Cisco Unity

Speech Enabled Auto Attendant Design: Using Application Intelligence to Deliver Superior Voice Recognition

  • Viewing Options

  • PDF (371.4 KB)
  • Feedback


Speech recognition is an important way to interact with computers and communications devices, freeing your hands and expediting collaboration. A speech-enabled Automated Attendant (SEAA) solution can have many designs, but a typical one has three main components: the speech-enhanced user interface, the directory (or grammar), and the speech engine. The user interface provides the dialogue you hear and the manner in which the SEAA interacts with you to determine the person you want to reach. The grammar is the directory of allowed responses for the SEAA application. The grammar for most SEAAs is an employee directory, with phone numbers and other information. A speech engine is a background calculator that uses computational algorithms to recognize speech and deliver information to the SEAA application. It is important to note that a properly designed speech solution is much more than a speech engine; it must have an intelligent application on top of the speech engine in order to deliver accurate results and an effective user experience.


Business owners and employees today conduct business worldwide 24 hours a day using seemingly infinite combinations of phones, voice messaging, e-mail messaging, fax, mobile clients, and rich-media conferencing. Without unified communications, however, these tools are often not used as effectively as they could be. Information overload and misdirected communications delay decisions, slow down processes, and reduce productivity. Unified communications solutions can save time and help control costs while improving productivity and competitiveness.
As unified communications solutions integrate applications, phones, and computers, speech recognition plays an increasingly important role in the way we interact with these devices and applications. Speech recognition frees our hands and lets us control our unified communications experience with spoken commands instead of memorized, menu-controlled clicks, keystrokes, and button pushing.
Yet speech recognition solutions, for a variety of reasons, have failed to evolve to maximize the effectiveness of unified communications solutions. In particular, many Automated Attendant products have added speech recognition to improve the user experience and increase customer satisfaction by allowing customers to use natural language to command the attendant to direct their calls. But whether from a lack of a complete and unified solution, underdeveloped application intelligence, or limited integration to other places in the data and communications network, speech-enabled Automated Attendants have not delivered a time-saving, customer-satisfying experience.
Some of the shortcomings in SEAA solutions can be attributed to the fact that there are numerous approaches to designing the solution. A typical SEAA solution is made up of three key components: the speech-enhanced user interface, the directory (or grammar) and the speech engine (Figure 1) and the features and interactions among the three components of an SEAA differ, depending on the designer.
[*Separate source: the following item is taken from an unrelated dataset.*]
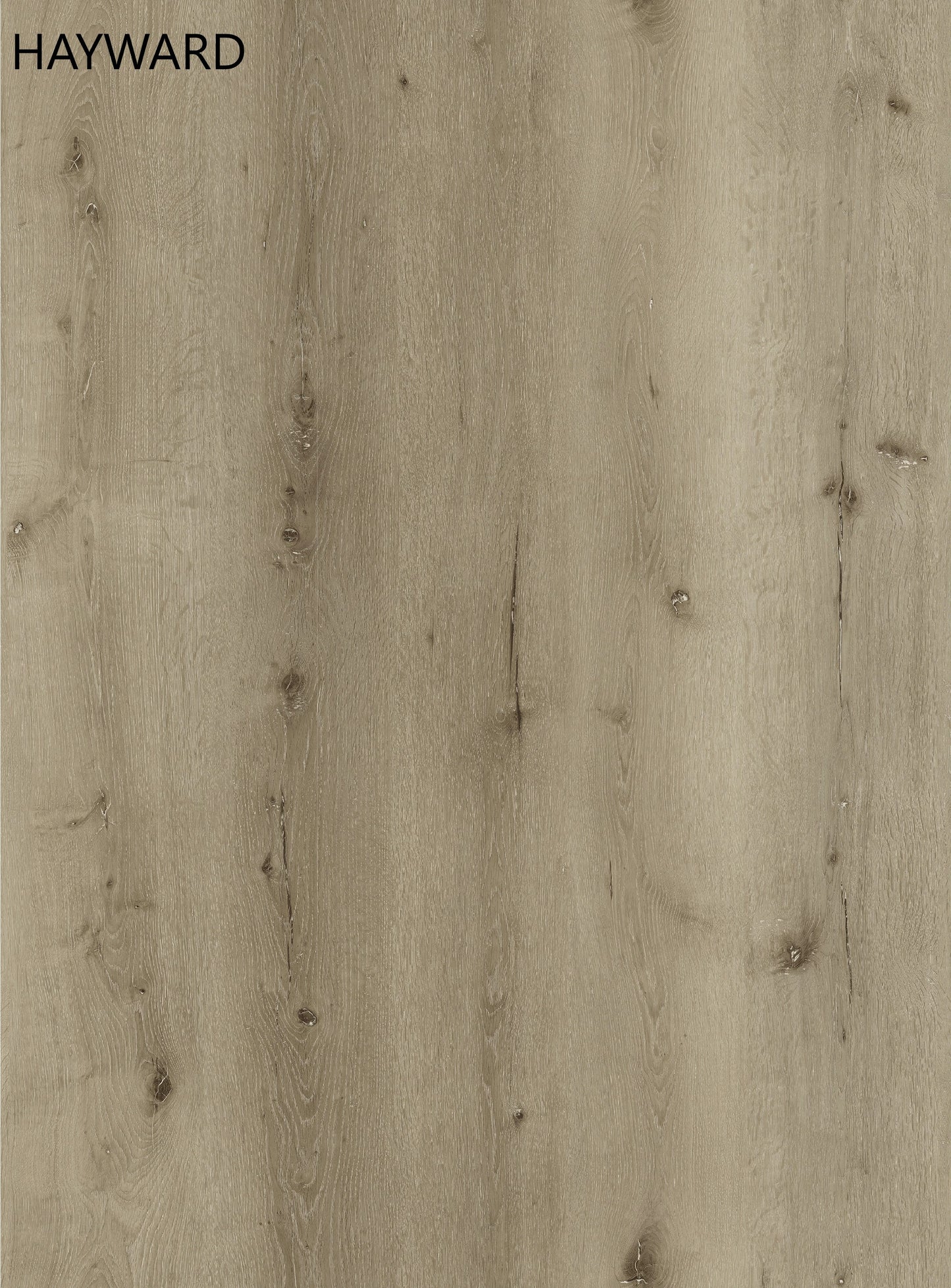 Hayward Waterproof Rigid Core Vinyl Plank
Figure 1. SEAA Architecture

The user interface provides the dialogue you hear ("Who would you like to reach?") and the manner in which the SEAA interacts with you to determine who is really intended ("Did you mean Jim Smythe?"). Just about every SEAA will interact differently with you, all with varying levels of success. The user interface is a critical element for delivering a satisfying experience. Some solutions offer a "natural-language" interface where you are allowed to speak any phrase. However, you are better served by a well-structured dialogue where you know what you are supposed to say and which commands to give by the style of the questioning. For example, "Who would you like to reach?" will result in less confusion among callers than "Hello, what would you like to do?"
After the user interface prompts you, it accesses the grammar, the directory of allowed responses for the application. For most SEAAs, the grammar is an employee directory, with phone numbers and other information, but it may also include product names, locations, conference rooms, or any other person or place a caller may be directed to. Features of an effective grammar are discussed later in this paper.
When the user interface collects a spoken name, it passes the name to the speech engine in the background. Some commonly used speech engines are provided by Nuance, IBM, Microsoft, Loquendo, and Sphinx. All speech engines are essentially based on the same computational algorithms and deliver similar results.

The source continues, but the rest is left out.